While Hattie had no kids of her own, she did have four husbands. But it is not them who keep her memory alive. Instead, it is her sister Etta and Etta's grandson, Edgar Goff. This extended family made this their mission. Edgar was particularly fond of telling her story and ensuring that she is never forgotten.
For the actress who decided on her career path at the age of six, she will always be known for her determination to make a success of herself in the industry. It was always meant to be; after all, she was stage ready all of her life. As she comically said:
"I knew that I could sing and dance . . . my mother would give me a nickel sometimes to stop.”
Ryan Murphy's flick, Hollywood, is giving us all the chance to lean into some of the true stories of Hollywood from the past. One of these happens to be the legendary Hattie McDaniel. She will be portrayed by Queen Latifah. The producer, Ryan said:
"It was very emotional to have these people get justice and to be seen and to have acceptance, which everybody should have and want.

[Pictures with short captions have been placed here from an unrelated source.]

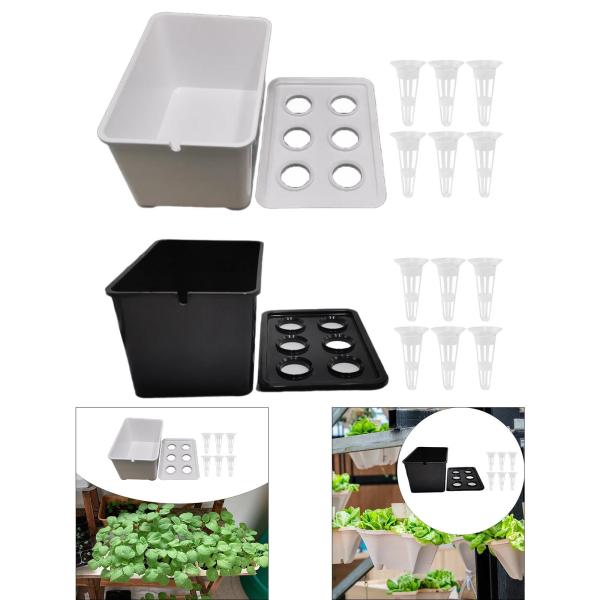 水耕栽培システム、植栽容器、便利な耐摩耗性水耕栽培キット、屋外用ガーデニングシステム
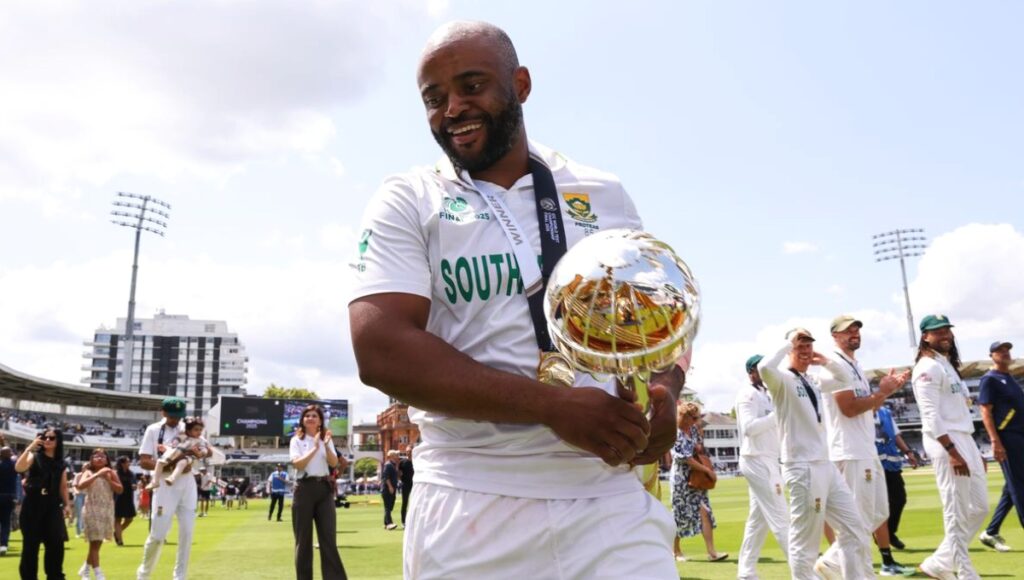 Bavuma still unbeaten as captain of South Africa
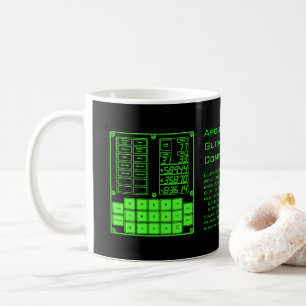 Apollo Guidance Computer Mug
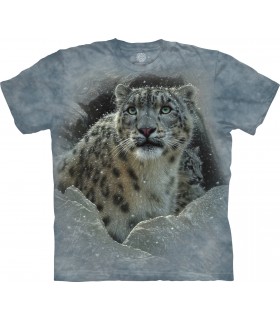 T-Shirt Léopard des neiges The Mountain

It was an emotional thing to give them the happy ending that they had been denied."
The directors were very pedantic about getting even the tiniest details right in the film. Not only did they want to honor the legends like Hattie but they wanted to do it well. Thus they made sure to perform thorough research and background check, asking for as much detail as possible. Ryan said:
"But [McDaniel] are all deceased and they’re all legends and in the public domain. We were very, very careful, however, that anything involving them was very heavily researched and vetted. For example, the Hattie McDaniel stories about the Academy Awards and not being let in — we checked and double-checked the details, down to the color gardenias she wore in her hair."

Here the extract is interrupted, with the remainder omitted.